**Problem requirements**
Find the line with "New 2026 Volkswagen Atlas SE FWD image 15" in the records below, then please transcribe it and every later line exactly, omitting the pictures and adding nothing.

---

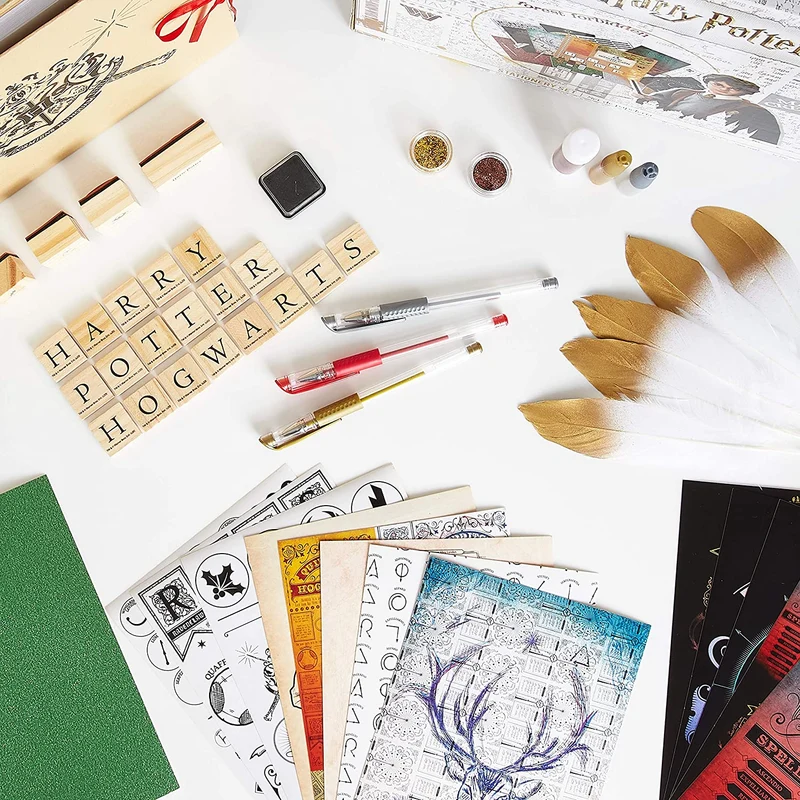 HARRY POTTER Scrapbooking Kit, Album Fai da Te, più di 60 Accessori Scrapbook Washi Tapes, Adesivi, Timbri, Lettere, Colla Stick Glitterata, Attivita Creative per Bambini, Regali Fai da Te Creativi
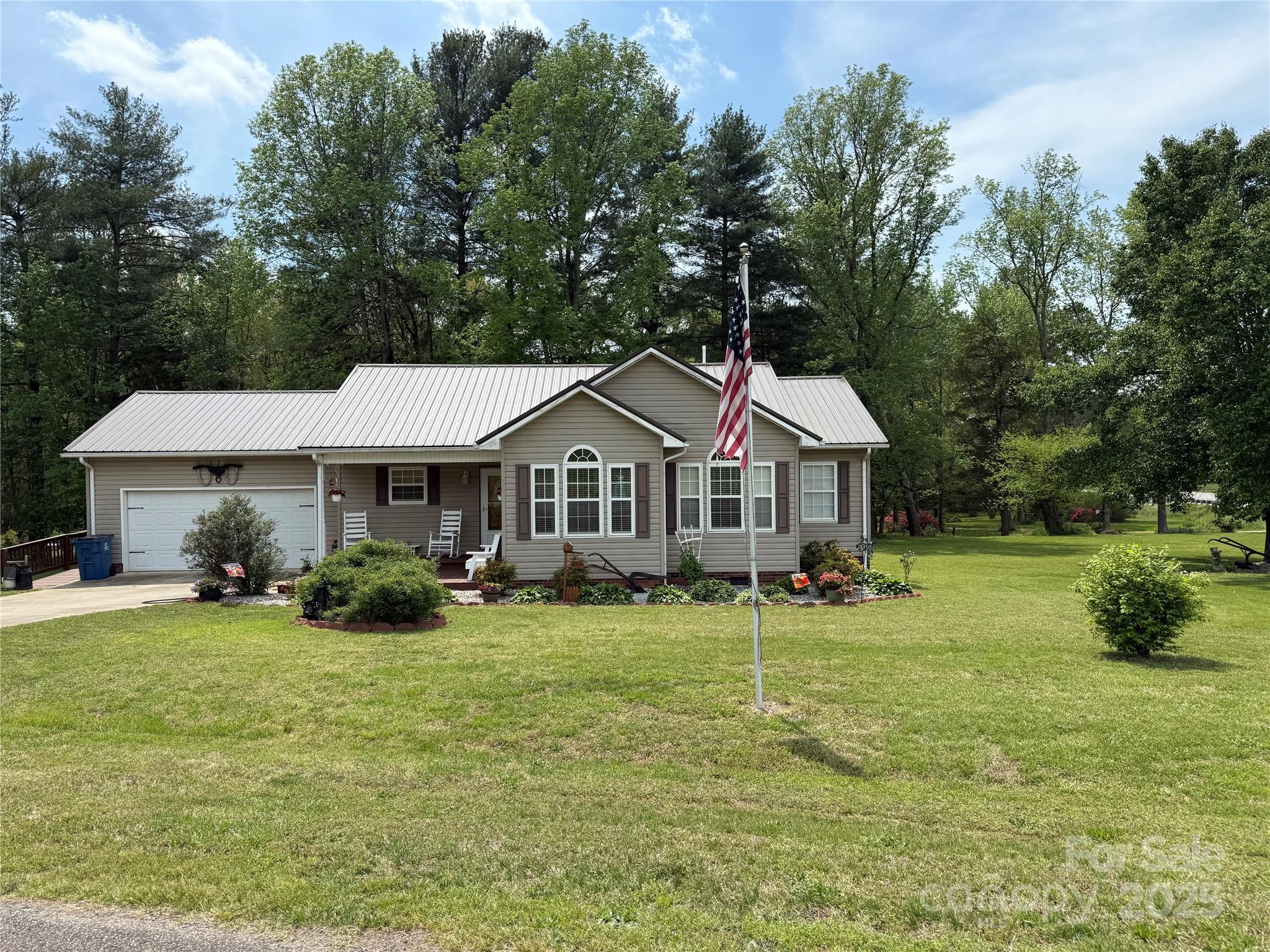 1025 Bee Line Lane Property Photo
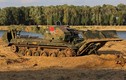 Sức mạnh xe công binh GCZ-112 Trung Quốc “giao chiến” ở Nga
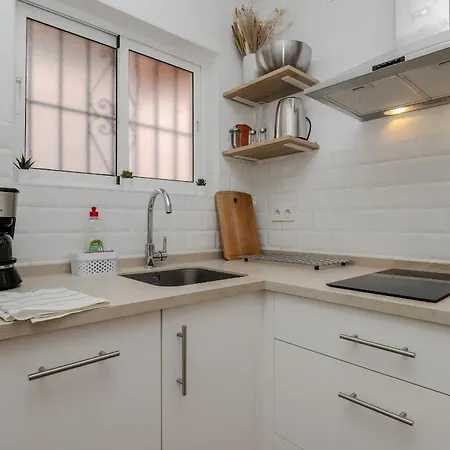 Centre, Renovated, 200m Apartment *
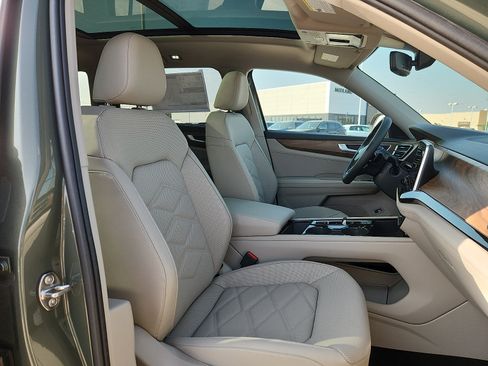 New 2026 Volkswagen Atlas SE FWD image 15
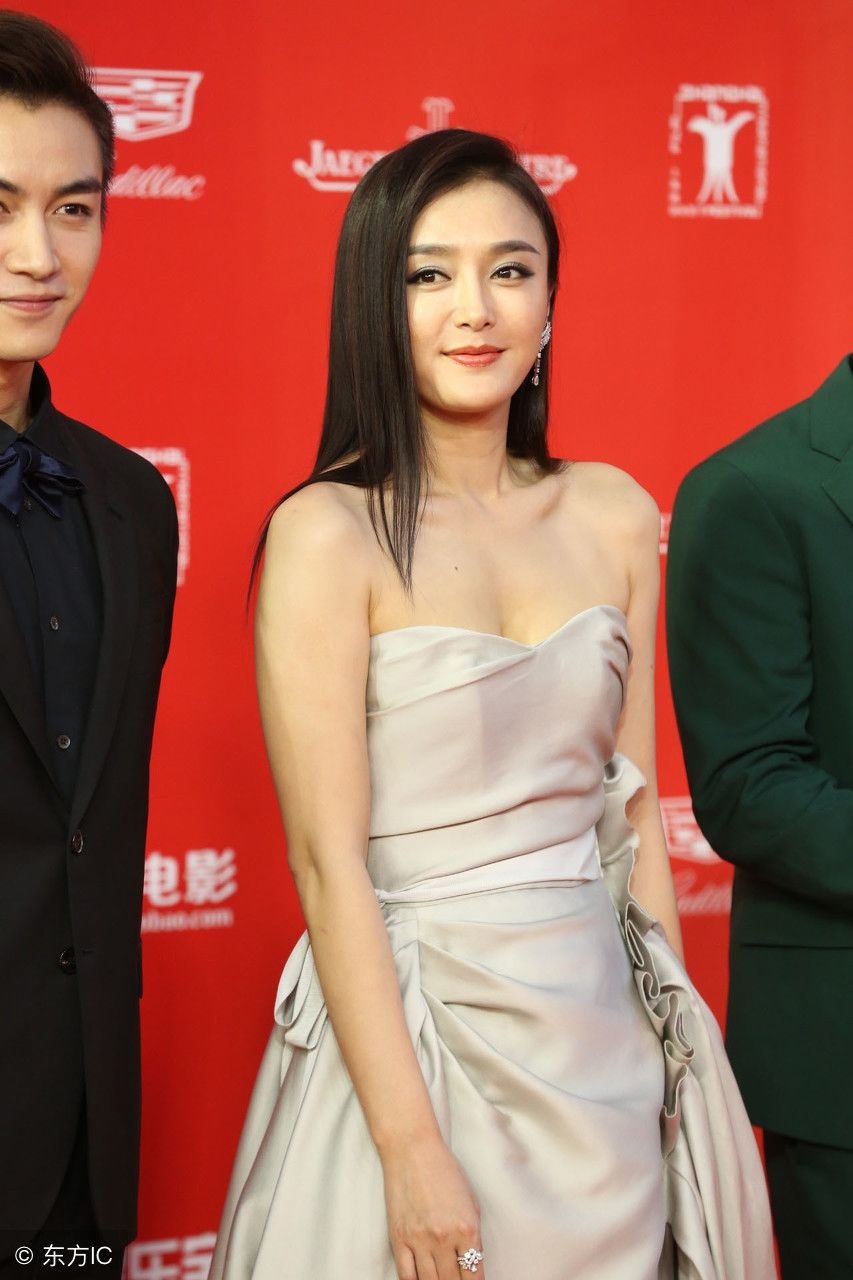 秦岚早前参加上海国际电影节闭幕红毯,一身白色晚礼服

---

**Response for this exercise**
 New 2026 Volkswagen Atlas SE FWD image 15
 秦岚早前参加上海国际电影节闭幕红毯,一身白色晚礼服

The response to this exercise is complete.